I had applied to be an English major with a writing concentration. This required a portfolio and a meeting with the department chair, Sister Maura. I was sure Sister Maura would be impressed with my brown paper grocery bag filled with my poems. She barely glanced at my endeavors and instead began to recite the requirements for students who wanted to concentrate in writing. We had to take extra writing courses and write additional papers in all our other classes. We also had to write a senior thesis that would be a book-length collection of poems, plays, essays or stories. Could I do it?
Sister Maura considered writing to be work, and if nothing else, I was going to learn the value of that work during my numerous courses with her in our four years together. She said writing was 10 percent inspiration and 90 percent perspiration - although she didn't like the word "perspiration." She preferred "sweat," the Anglo-Saxon word, because she thought the Latinate word was pretentious.

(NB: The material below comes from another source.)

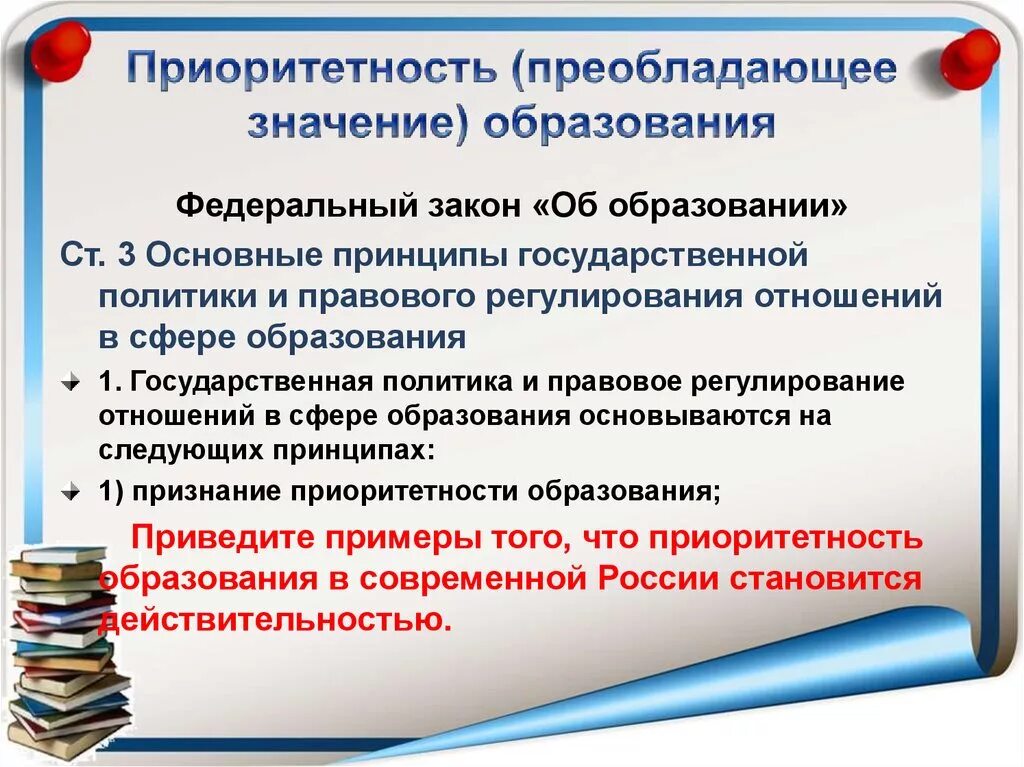 Приоритеты образования в рф. Приоритетность образования. Приоритетность образования это в обществознании. Признание приоритетности образования. Приоритетность образования в РФ.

An astute and picky critic, Sister Maura believed that good writing came from good reading, which for her meant the classics of Greek, Roman, British and American literature. We had to read and analyze the text to decipher what the writer meant - not what we wanted it to mean.

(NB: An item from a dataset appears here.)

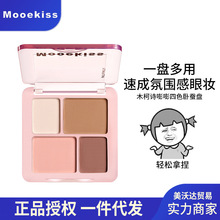 Mooekiss/ľ��Ԋ������ɫ���Q�P�߹���Ӱ�P���⼚�W�۾�ƽ�r����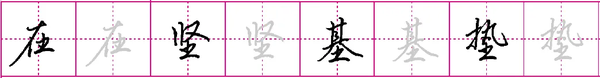 笔记篇＆连笔技法 - 知乎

No matter that E.E. Cummings didn't punctuate his poems. We had to follow the rules before we could break them - if ever. No fancy British spellings. No exclamation points. Let the words show the excitement, she said. Choose strong verbs. Slash adverbs and adjectives.
We could use the thesaurus sparingly - to find the right word, not to show off our vocabulary. She disapproved of pretension and wordiness, telling us to follow the directions on the ladies room paper towel dispenser: "Why use two when one will do."
The lessons sound easy now. But I learned all of this the hard way after many arguments and numerous revisions of my poems, term papers, short stories, essays and plays - under Sister Maura's stern, ice-blue eyes.
In 1990, many years after I graduated, Sister Maura invited me and several former students to the WMAR television studio where she would read her poems. Tall, thin, with white hair, Sister Maura had an exquisite and melodic reading voice. She knew where to pause and what to emphasize. As I listened, I noticed new qualities in her work that had earlier escaped me. Certain metaphors made sense now; images resonated in a new way.
However, it was her poem, "What My Teachers Taught Me, I Try To Teach My Students," that stood out. As she read the familiar poem, which enumerates her rules for life and writing, I remembered our previous battles. Sister and I were now on the same side. I had been teaching her tenets of good writing. But it hadn't occurred to me until then that these weren't ideas that I discovered on my own. They - like so many other lessons - had come from Sister Maura herself.
Diane Scharper teaches English at Towson University and reviews local books for The Baltimore Sun.